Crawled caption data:
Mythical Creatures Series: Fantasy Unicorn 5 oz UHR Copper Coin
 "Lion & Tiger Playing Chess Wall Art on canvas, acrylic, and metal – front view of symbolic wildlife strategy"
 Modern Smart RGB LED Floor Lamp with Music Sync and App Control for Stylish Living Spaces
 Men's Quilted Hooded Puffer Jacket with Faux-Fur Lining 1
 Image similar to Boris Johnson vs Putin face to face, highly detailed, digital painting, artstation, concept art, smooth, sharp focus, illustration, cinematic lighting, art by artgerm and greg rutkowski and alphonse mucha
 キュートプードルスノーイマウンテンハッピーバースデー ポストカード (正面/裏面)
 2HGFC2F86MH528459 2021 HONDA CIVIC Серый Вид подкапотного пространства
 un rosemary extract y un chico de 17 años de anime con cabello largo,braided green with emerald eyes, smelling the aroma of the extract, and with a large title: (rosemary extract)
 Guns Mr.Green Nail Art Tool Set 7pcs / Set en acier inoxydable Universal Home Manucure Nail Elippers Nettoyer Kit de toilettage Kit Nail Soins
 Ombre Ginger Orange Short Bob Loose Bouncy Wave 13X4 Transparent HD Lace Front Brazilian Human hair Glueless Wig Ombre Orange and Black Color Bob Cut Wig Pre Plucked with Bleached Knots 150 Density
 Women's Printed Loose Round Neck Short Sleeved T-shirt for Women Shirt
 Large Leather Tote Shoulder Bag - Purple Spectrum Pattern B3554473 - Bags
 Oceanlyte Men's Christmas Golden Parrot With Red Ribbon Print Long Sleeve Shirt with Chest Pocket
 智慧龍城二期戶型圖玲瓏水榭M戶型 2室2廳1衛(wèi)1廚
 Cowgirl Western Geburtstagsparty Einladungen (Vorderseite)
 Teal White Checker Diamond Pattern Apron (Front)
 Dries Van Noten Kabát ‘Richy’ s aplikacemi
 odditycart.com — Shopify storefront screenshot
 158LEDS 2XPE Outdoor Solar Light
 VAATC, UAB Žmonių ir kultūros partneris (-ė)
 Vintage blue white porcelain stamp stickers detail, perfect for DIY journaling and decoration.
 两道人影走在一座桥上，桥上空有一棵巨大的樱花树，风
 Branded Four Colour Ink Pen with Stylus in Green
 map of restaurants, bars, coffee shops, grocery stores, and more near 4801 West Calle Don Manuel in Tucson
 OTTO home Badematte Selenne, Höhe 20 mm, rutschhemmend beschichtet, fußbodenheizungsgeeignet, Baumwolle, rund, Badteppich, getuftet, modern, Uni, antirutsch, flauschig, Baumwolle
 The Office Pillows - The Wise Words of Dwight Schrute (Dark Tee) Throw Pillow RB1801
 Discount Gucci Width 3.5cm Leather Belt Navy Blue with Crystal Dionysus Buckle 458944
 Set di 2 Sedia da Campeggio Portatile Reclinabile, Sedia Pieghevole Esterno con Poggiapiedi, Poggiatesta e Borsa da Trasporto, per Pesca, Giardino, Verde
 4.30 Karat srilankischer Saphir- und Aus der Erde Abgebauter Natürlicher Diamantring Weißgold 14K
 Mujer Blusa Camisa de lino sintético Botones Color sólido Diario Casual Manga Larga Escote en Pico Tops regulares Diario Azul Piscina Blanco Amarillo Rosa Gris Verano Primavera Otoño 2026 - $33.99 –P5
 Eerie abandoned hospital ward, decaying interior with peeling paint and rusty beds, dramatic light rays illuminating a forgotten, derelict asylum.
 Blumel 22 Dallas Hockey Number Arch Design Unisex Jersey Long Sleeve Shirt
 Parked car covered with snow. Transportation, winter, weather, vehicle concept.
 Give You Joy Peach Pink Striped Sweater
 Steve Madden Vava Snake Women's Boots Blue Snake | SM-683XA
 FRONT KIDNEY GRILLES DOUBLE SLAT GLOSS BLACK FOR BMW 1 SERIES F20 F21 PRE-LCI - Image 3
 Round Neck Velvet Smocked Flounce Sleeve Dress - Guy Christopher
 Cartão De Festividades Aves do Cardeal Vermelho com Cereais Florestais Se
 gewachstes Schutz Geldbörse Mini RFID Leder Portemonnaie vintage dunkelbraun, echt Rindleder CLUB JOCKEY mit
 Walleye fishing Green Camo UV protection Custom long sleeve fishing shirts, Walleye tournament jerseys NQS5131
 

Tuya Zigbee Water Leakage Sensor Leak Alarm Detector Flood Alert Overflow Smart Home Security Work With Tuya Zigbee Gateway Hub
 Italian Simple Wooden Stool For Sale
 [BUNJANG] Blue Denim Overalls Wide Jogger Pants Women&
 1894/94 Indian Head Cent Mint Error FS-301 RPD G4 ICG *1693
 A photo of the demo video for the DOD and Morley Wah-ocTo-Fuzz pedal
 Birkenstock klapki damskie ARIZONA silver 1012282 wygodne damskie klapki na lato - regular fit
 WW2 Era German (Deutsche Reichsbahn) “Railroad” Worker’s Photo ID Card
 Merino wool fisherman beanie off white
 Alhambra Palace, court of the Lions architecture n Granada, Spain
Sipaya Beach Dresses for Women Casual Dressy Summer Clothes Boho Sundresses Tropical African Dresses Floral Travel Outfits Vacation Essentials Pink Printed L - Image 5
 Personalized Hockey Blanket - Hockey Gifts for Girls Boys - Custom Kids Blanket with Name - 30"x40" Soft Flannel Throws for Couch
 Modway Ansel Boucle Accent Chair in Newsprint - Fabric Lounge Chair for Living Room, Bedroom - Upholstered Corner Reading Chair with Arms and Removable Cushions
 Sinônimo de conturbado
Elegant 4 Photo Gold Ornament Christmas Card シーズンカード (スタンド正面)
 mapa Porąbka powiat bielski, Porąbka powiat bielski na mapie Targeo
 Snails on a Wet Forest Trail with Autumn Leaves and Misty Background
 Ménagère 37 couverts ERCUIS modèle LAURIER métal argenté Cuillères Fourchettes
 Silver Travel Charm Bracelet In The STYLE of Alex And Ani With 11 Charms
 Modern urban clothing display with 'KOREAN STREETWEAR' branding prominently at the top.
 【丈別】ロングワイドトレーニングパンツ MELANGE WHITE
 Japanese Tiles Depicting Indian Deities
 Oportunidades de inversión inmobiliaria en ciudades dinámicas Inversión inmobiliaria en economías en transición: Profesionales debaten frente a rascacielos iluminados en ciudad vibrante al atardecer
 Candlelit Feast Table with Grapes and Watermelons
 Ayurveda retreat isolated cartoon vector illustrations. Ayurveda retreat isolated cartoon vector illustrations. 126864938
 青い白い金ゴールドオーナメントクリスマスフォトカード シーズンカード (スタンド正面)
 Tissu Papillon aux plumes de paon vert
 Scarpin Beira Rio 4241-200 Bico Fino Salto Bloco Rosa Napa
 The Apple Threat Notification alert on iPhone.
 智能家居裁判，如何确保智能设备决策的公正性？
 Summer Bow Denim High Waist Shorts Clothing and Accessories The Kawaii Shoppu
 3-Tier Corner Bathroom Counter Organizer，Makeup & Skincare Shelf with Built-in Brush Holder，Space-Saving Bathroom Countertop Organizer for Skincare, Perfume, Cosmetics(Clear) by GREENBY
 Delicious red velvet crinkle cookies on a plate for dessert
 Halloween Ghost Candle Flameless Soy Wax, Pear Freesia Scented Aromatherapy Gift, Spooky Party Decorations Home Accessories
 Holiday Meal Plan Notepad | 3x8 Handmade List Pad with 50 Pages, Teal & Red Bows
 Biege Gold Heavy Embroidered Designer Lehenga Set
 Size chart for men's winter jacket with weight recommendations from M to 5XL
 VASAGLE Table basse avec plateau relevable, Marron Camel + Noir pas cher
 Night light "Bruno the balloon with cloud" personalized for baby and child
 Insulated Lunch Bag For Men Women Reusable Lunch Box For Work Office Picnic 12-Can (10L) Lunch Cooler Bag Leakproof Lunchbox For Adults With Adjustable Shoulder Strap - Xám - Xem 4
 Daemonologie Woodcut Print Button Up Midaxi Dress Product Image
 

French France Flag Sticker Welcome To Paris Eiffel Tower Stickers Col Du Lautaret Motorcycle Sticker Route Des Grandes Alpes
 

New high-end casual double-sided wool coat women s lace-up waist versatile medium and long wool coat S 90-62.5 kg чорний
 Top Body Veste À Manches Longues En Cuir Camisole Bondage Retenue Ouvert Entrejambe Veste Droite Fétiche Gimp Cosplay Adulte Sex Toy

Exercise aim: Starting from the first line of the records above, retype each line exactly up to and including the one that contains "OTTO home Badematte", and nothing more.

Exercise output:
Mythical Creatures Series: Fantasy Unicorn 5 oz UHR Copper Coin
 "Lion & Tiger Playing Chess Wall Art on canvas, acrylic, and metal – front view of symbolic wildlife strategy"
 Modern Smart RGB LED Floor Lamp with Music Sync and App Control for Stylish Living Spaces
 Men's Quilted Hooded Puffer Jacket with Faux-Fur Lining 1
 Image similar to Boris Johnson vs Putin face to face, highly detailed, digital painting, artstation, concept art, smooth, sharp focus, illustration, cinematic lighting, art by artgerm and greg rutkowski and alphonse mucha
 キュートプードルスノーイマウンテンハッピーバースデー ポストカード (正面/裏面)
 2HGFC2F86MH528459 2021 HONDA CIVIC Серый Вид подкапотного пространства
 un rosemary extract y un chico de 17 años de anime con cabello largo,braided green with emerald eyes, smelling the aroma of the extract, and with a large title: (rosemary extract)
 Guns Mr.Green Nail Art Tool Set 7pcs / Set en acier inoxydable Universal Home Manucure Nail Elippers Nettoyer Kit de toilettage Kit Nail Soins
 Ombre Ginger Orange Short Bob Loose Bouncy Wave 13X4 Transparent HD Lace Front Brazilian Human hair Glueless Wig Ombre Orange and Black Color Bob Cut Wig Pre Plucked with Bleached Knots 150 Density
 Women's Printed Loose Round Neck Short Sleeved T-shirt for Women Shirt
 Large Leather Tote Shoulder Bag - Purple Spectrum Pattern B3554473 - Bags
 Oceanlyte Men's Christmas Golden Parrot With Red Ribbon Print Long Sleeve Shirt with Chest Pocket
 智慧龍城二期戶型圖玲瓏水榭M戶型 2室2廳1衛(wèi)1廚
 Cowgirl Western Geburtstagsparty Einladungen (Vorderseite)
 Teal White Checker Diamond Pattern Apron (Front)
 Dries Van Noten Kabát ‘Richy’ s aplikacemi
 odditycart.com — Shopify storefront screenshot
 158LEDS 2XPE Outdoor Solar Light
 VAATC, UAB Žmonių ir kultūros partneris (-ė)
 Vintage blue white porcelain stamp stickers detail, perfect for DIY journaling and decoration.
 两道人影走在一座桥上，桥上空有一棵巨大的樱花树，风
 Branded Four Colour Ink Pen with Stylus in Green
 map of restaurants, bars, coffee shops, grocery stores, and more near 4801 West Calle Don Manuel in Tucson
 OTTO home Badematte Selenne, Höhe 20 mm, rutschhemmend beschichtet, fußbodenheizungsgeeignet, Baumwolle, rund, Badteppich, getuftet, modern, Uni, antirutsch, flauschig, Baumwolle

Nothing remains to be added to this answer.